‘#HORROR’ Q&A: Chloë Sevigny & Filmmaker Tara Subkoff Explore Cyberbullying and Modern-Day Frights


hailey-posterPreston Barta // Editor

Cyberbullying is no doubt a big deal, like any bullying is. But now that we live in the age of the internet, it’s downright scary. It’s easier and more common for people to humiliate, torment and threaten others, while hiding behind the safety of their computer screens.

We’ve been told throughout our lives in order to survive, we must adapt. As the world changes, we must move with it to keep advancing. The same goes for the horror genre. Horror movies are not like they were 20-something years ago, or the good ones at least. Filmmakers have to roll with the changes and refrain from insulting audience’s intelligence.

Phones now have service everywhere, cameras are all around us, and the web is a pit of hate, ready at every moment for someone to mark all over its walls. Again, it’s terrifying to think about… And this is the concept filmmaker Tara Subkoff explores in her directorial debut, #HORROR.

In the film, we follow a group of young girls whose addiction to social media turns their cyberbullying into a night of bloody madness. Simply put, the film tackles how online cruelty can harm you, whether you’re doing the bullying or receiving it.
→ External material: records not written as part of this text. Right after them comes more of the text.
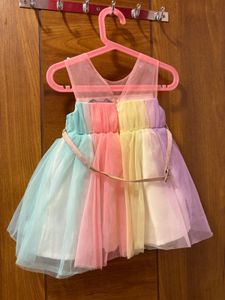 Rainbow Tulle Dress with Bows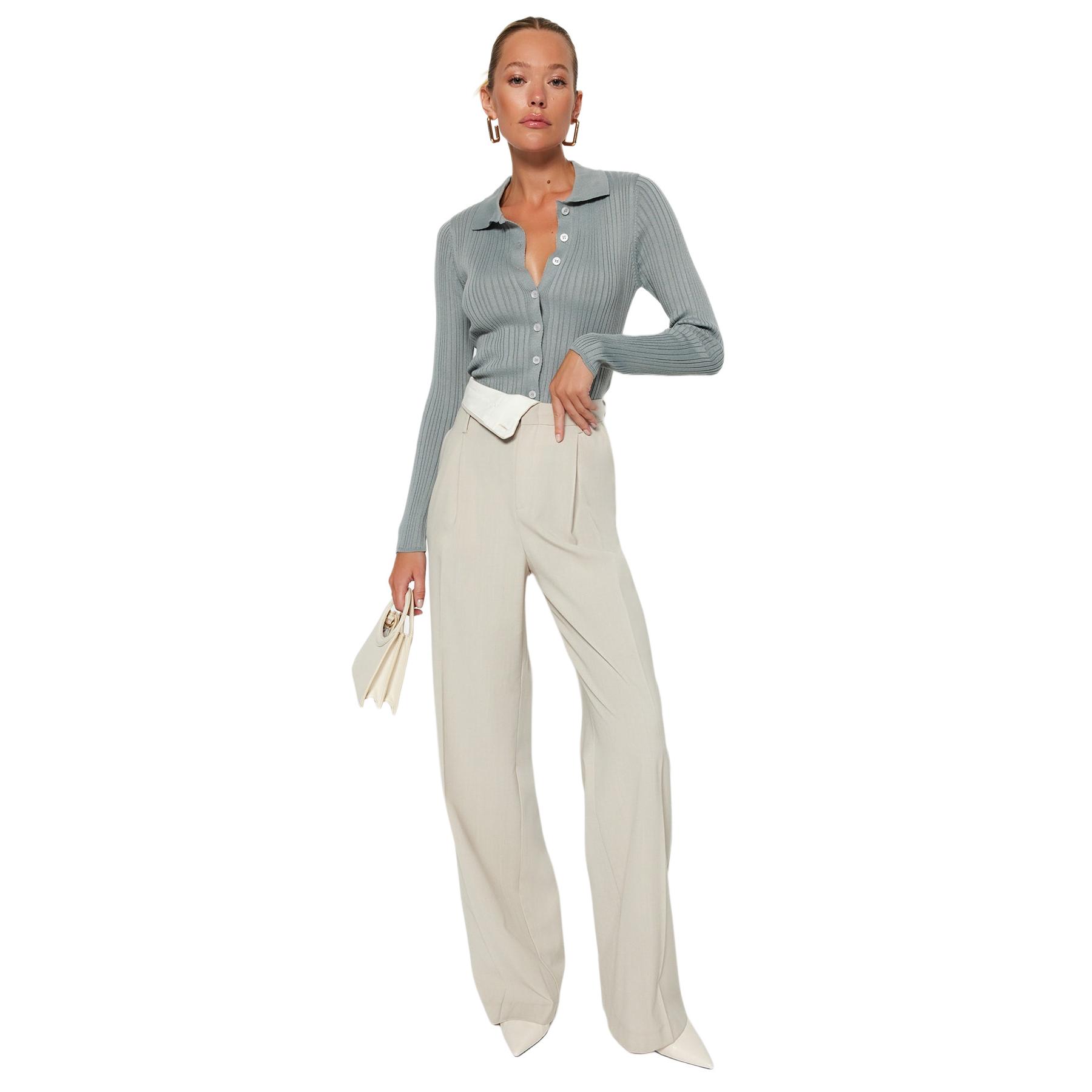 Trendyol Cárdigan De - Elegante Y Cómodo Gris Mujer Pequeño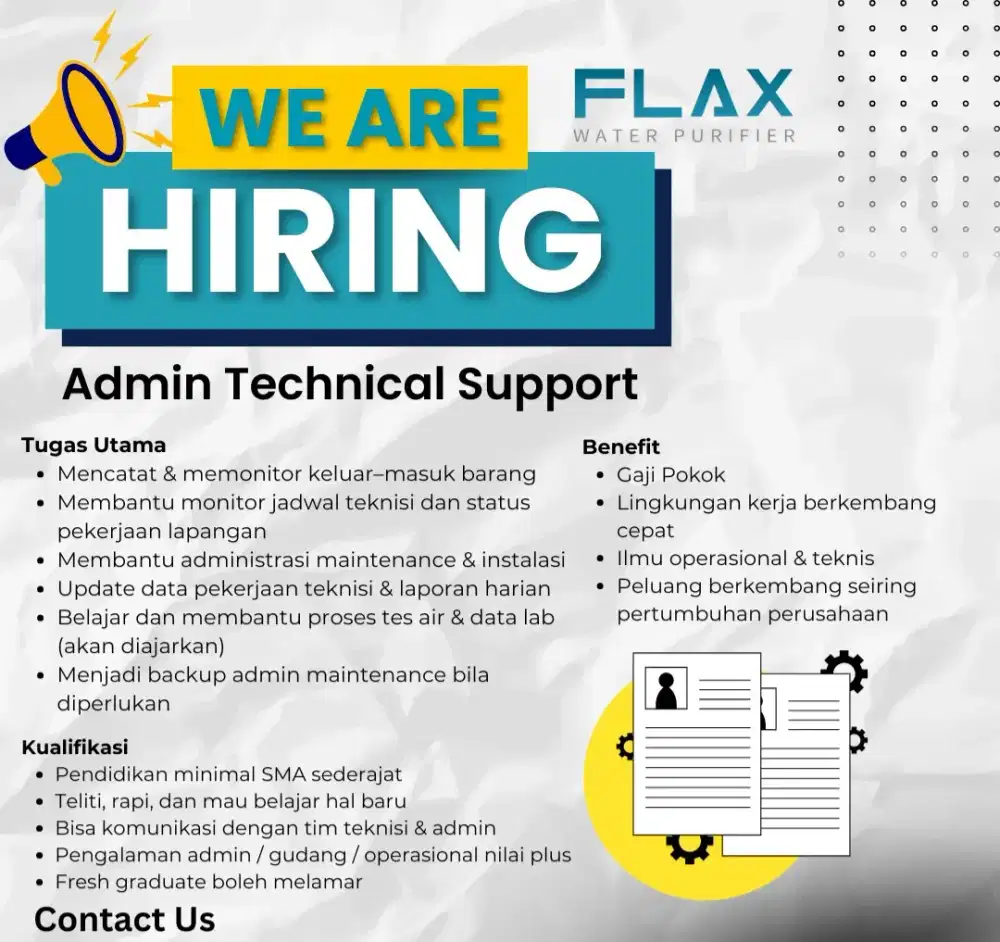 Dibutuhkan admin technical support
Fresh Fiction had the opportunity to speak with Subkoff and star Chloë Sevigny (ZODIAC) about the film’s idea of cultural narcissism, horror of the internet and cyberbullying.

Filmmaker Tara Subkoff and Chloë Sevigny. Photo courtesy of GossipDavid.

Filmmaker Tara Subkoff and Chloë Sevigny. Photo courtesy of GossipDavid.

#HORROR is visual art. Tara, you’ve taken nature and put it on the grid and made it natural. Whether it’s the clothing, the set decoration or the art work– it’s visually stimulating. Was that a principal part of making the film for you?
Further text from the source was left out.